5. Probability Ratio for Policy Updates

Formula:

rₜ(θ) = πₙ(aₜ|sₜ) / πₒ(aₜ|sₜ)

In plain words:

  • This ratio compares how likely the new policy is to take a certain action versus the old policy.
  • A ratio of 1 indicates no change in likelihood.
  • A ratio greater than 1 means the new policy favors that action more, while less than 1 means it favors it less.

Explanation:

This comparison is used to measure the change in policy, which is crucial for adjusting the network without making overly large updates.

6. Clipping Mechanism in PPO

Concept:

During training, the probability ratio is clipped within a small range (typically 1 ± ε).

In plain words:

  • This prevents the policy from changing too drastically in a single update.
  • It ensures that updates are gradual, which helps maintain stable training.

Explanation:

By clipping the ratio, we avoid large swings that could destabilize the learning process, thereby promoting smoother policy improvements.

💡

Example:

With ε=0.2: - If ratio > 1.2: clipped down to 1.2 - If ratio < 0.8: clipped up to 0.8 This prevents the steering or throttle actions from changing too drastically in one update.

7. Value Loss

Formula:

Value Loss = Mean Squared Error between predicted V(s) and actual returns

In plain words:

  • It measures the error between what the Value Network predicts and the actual rewards received.
  • The goal is to reduce this error so that the network better predicts future rewards.

Explanation:

Minimizing the value loss helps the Value Network become more accurate, which in turn provides a better baseline for policy updates.

8. Total Loss for PPO

Formula:

Total Loss = Policy Loss + (Value Coefficient × Value Loss) − (Entropy Coefficient × Entropy Bonus)

In plain words:

  • Policy Loss: Encourages actions that perform better than expected by using the probability ratio and advantage.
  • Value Loss: Improves the accuracy of the state-value predictions.
  • Entropy Bonus: Promotes exploration by rewarding randomness in the policy.
  • The coefficients balance how much each component influences the overall loss.

Explanation:

This combined loss ensures that the policy learns to select better actions while also fine-tuning the value predictions and maintaining a level of exploration necessary for robust learning.

9. Loss Update

The total loss serves as the combined objective that the PPO algorithm minimizes during training.
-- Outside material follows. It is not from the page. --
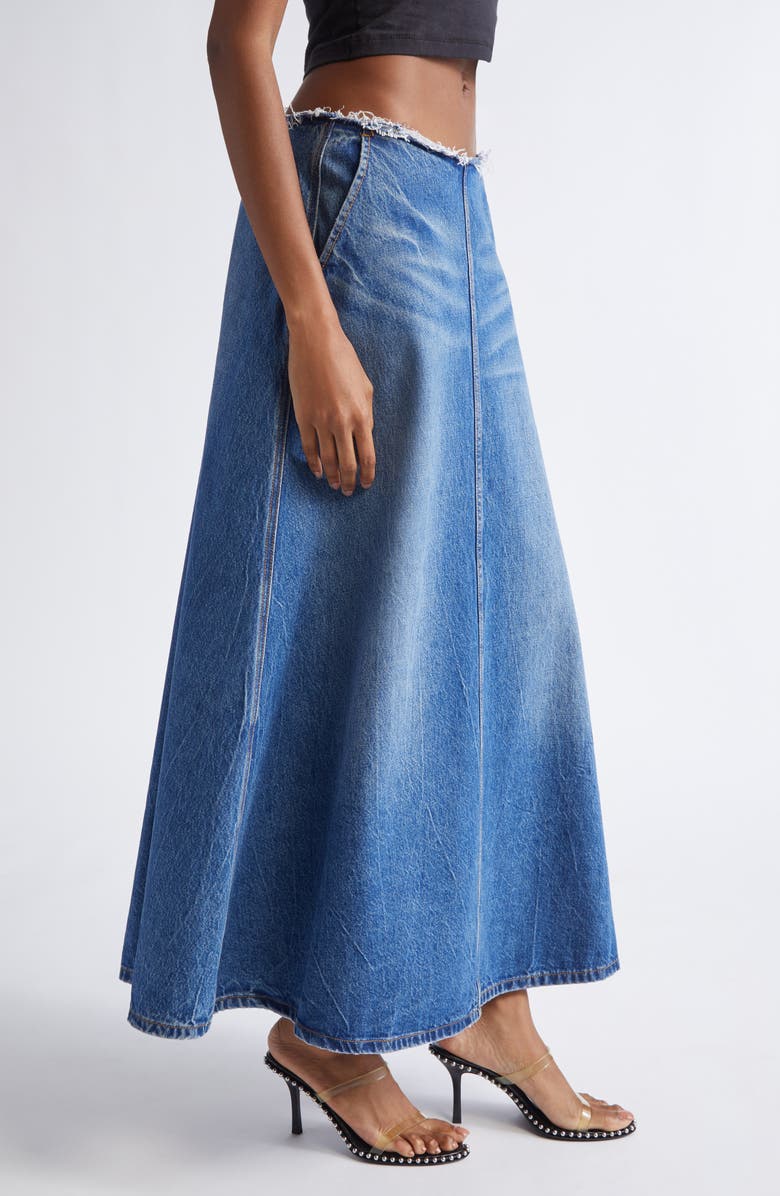 Alexander Wang Raw Cut Waist Low Rise Denim A-Line Skirt, Alternate, color, Vintage Marbled Blue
It integrates several components so that both the policy network and the value network are improved simultaneously. Here’s what it does:

  • Guides Policy Improvements:
  • The policy loss (using the probability ratio and advantage) encourages the network to favor actions that perform better than expected.
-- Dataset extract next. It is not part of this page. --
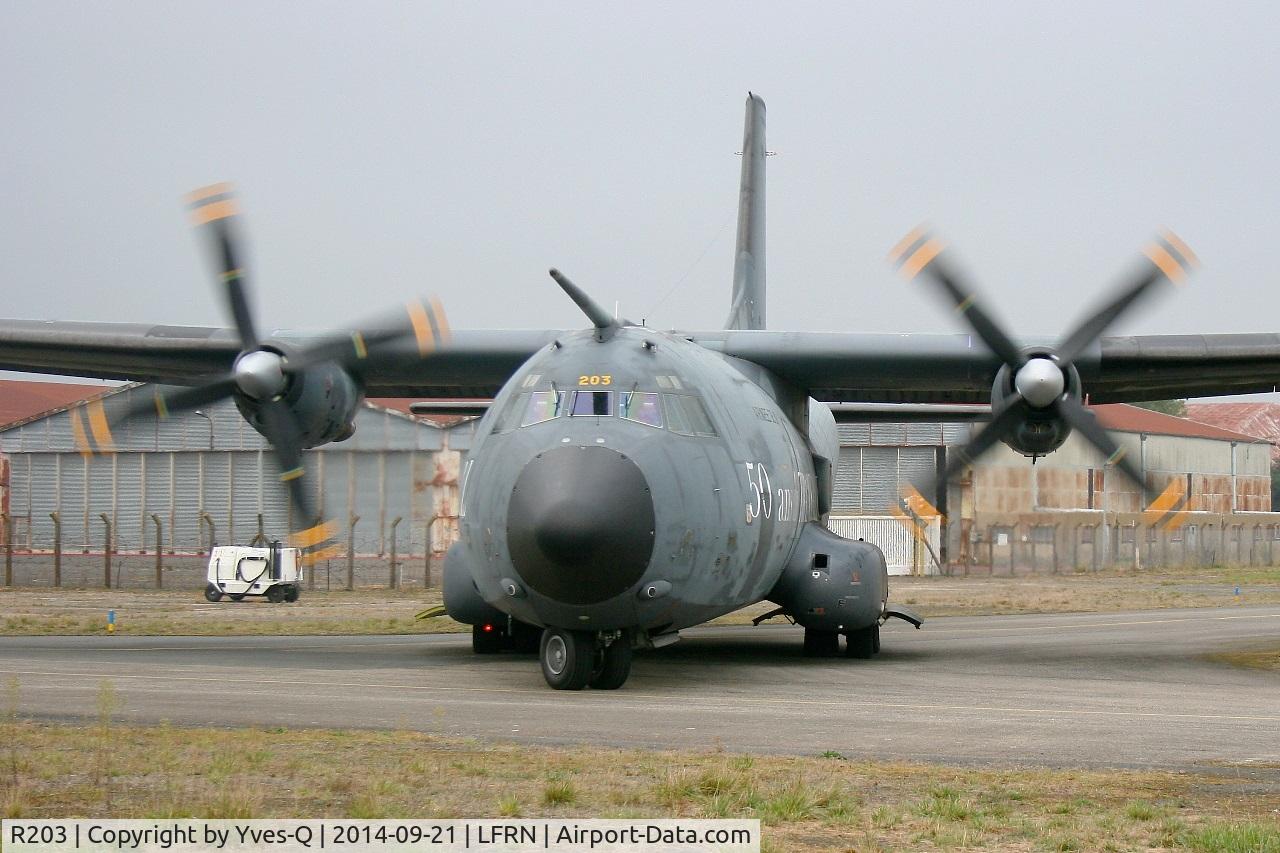 R203, Transall C-160R C/N 203, Transall C-160R  (64-GC), Taxiing to holding point, Rennes-St Jacques airport (LFRN-RNS) Air show 2014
  • Enhances Value Predictions:
  • The value loss minimizes the error between the network’s predicted state values and the actual returns, helping the critic become more accurate.

  • Maintains Exploration:
  • The entropy bonus rewards the network for maintaining some randomness, which prevents the policy from becoming overly deterministic too quickly.

  • Balances All Components:
  • The coefficients (for value loss and entropy bonus) control the relative importance of each component in the overall loss.

  • Learning Rate & KL Divergence:
    1. The learning rate (η) determines how large the update steps are during gradient descent. PPO uses a KL Adaptive Learning Rate Scheduler, which monitors the KL divergence—a measure of how much the new policy differs from the old one.

    2. KL Divergence:
    3. This is a statistical measure of the difference between two probability distributions. In PPO, a low KL divergence means the new policy remains close to the old policy, while a high KL divergence indicates a significant change.

    4. Integration with Learning Rate:
    5. If the KL divergence exceeds a preset threshold, the learning rate is reduced to prevent overly large updates, ensuring that the policy changes gradually. Conversely, if the KL divergence is much lower than the target, the learning rate may be increased to allow for faster learning.

By minimizing this total loss (using gradient descent) and adjusting the learning rate based on KL divergence, the PPO algorithm updates the network parameters to both maximize rewards (via the policy network) and accurately estimate future returns (via the value network), all while ensuring stable and gradual policy improvements.